Data are presented as % unless otherwise stated. AUC: area under the receiver-operating-characteristic curve; NPV: negative predictive value; PPV: positive predictive value.

Figure 2
Figure 2

Receiver operating characteristic (ROC) curves comparing markers’ ability to detect ICU-acquired infections, a) ROC curves comparing PCT, CRP, WBC, temperature, and composite score, b) ROC curves comparing ΔPCT and ΔCRP for detection of ICU-acquired infections.

Discussion

By studying simple and routinely used clinical and biological markers of infection in patients with confirmed nosocomial infection compared to non-infected ICU patients we determined that three parameters, temperature > 38.6°C, PCT > 1.86 ng/mL, and CRP > 88 mg/L, could perform well in discriminating infected from non-infected patients (AUCs of 0.88, 0.84, and 0.88 respectively). The complementary sensitivity/specificity profiles of each marker (76%/94% for fever, 68%/91% for PCT, and 92%/70% for CRP) allowed the construction of a composite score (score = 0.068 × D0 PCT + 0.005 × D0 CRP + 0.7 × temperature) more discriminating and highly specific than each single component (AUC of 0.90 and sensitivity of 97%).

Given the absence of any gold standard of infection we used the same methodology as Povoa et al. [7] and distinguished between patients with a confirmed diagnosis of noscomial infection, with all the limitations inherent to diagnosis of infection in the ICU, and patients discharged from the ICU without being treated by antimicrobials and therefore very unlikely to be infected.
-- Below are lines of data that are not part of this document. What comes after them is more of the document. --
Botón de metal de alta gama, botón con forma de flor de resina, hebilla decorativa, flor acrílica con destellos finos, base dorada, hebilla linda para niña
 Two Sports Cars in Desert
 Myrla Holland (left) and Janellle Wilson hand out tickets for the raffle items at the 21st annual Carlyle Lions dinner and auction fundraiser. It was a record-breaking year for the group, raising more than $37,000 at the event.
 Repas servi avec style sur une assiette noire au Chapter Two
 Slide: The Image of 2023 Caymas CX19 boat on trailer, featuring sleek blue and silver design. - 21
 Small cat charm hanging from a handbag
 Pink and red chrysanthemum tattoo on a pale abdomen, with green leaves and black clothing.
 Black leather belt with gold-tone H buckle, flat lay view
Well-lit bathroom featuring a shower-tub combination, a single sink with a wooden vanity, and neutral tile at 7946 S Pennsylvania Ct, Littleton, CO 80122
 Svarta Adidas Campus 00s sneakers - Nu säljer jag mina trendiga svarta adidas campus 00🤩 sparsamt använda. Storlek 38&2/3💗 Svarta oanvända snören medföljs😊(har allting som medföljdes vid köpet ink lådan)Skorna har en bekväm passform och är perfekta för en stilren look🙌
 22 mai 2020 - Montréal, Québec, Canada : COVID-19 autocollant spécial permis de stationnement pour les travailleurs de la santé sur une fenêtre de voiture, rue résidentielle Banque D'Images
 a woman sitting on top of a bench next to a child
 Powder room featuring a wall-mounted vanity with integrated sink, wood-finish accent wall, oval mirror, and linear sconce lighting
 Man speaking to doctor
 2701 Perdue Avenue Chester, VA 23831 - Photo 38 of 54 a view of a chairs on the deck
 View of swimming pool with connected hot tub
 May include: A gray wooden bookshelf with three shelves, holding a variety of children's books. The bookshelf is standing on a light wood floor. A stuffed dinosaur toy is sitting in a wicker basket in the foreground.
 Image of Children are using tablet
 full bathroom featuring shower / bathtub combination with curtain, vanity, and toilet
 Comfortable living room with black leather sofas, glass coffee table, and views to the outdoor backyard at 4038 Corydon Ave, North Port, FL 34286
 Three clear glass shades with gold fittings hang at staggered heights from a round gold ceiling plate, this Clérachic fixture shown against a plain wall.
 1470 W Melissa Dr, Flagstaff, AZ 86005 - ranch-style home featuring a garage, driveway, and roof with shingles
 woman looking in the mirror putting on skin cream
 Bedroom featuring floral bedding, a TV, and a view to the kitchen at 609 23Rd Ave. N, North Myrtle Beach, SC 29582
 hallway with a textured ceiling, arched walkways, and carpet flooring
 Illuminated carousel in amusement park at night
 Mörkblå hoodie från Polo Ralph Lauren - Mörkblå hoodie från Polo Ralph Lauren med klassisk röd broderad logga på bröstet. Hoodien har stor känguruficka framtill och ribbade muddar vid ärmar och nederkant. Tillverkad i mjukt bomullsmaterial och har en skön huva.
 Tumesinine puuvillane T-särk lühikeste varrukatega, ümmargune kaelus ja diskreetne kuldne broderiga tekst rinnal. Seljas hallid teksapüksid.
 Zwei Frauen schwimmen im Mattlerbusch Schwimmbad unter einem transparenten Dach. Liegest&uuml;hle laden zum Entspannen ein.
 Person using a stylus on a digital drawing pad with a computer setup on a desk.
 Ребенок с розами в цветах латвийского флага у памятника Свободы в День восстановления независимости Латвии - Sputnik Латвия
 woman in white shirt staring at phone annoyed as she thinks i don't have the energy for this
Although one of the most frequently measured parameters in the ICU setting and non invasive, body temperature remains a poor indicator of infection [9]. Temperature can be influenced by a number of non-infectious factors, such as non-infectious causes of fever and antipyretic therapy [10]. Nevertheless, in the present study, temperature appeared to perform reasonably well for identifying nosocomial infection, with an AUC of 0.88. The best temperature cut-off value was 38.6°C, resulting in a sensitivity-specificity of 76%/94%.

Our data support the view of some authors that leucocyte count has little value in discriminating patients with nosocomial infection [7]. In our study, AUC of WBC was 0.62, indicating that WBC was close to the line of non discrimination.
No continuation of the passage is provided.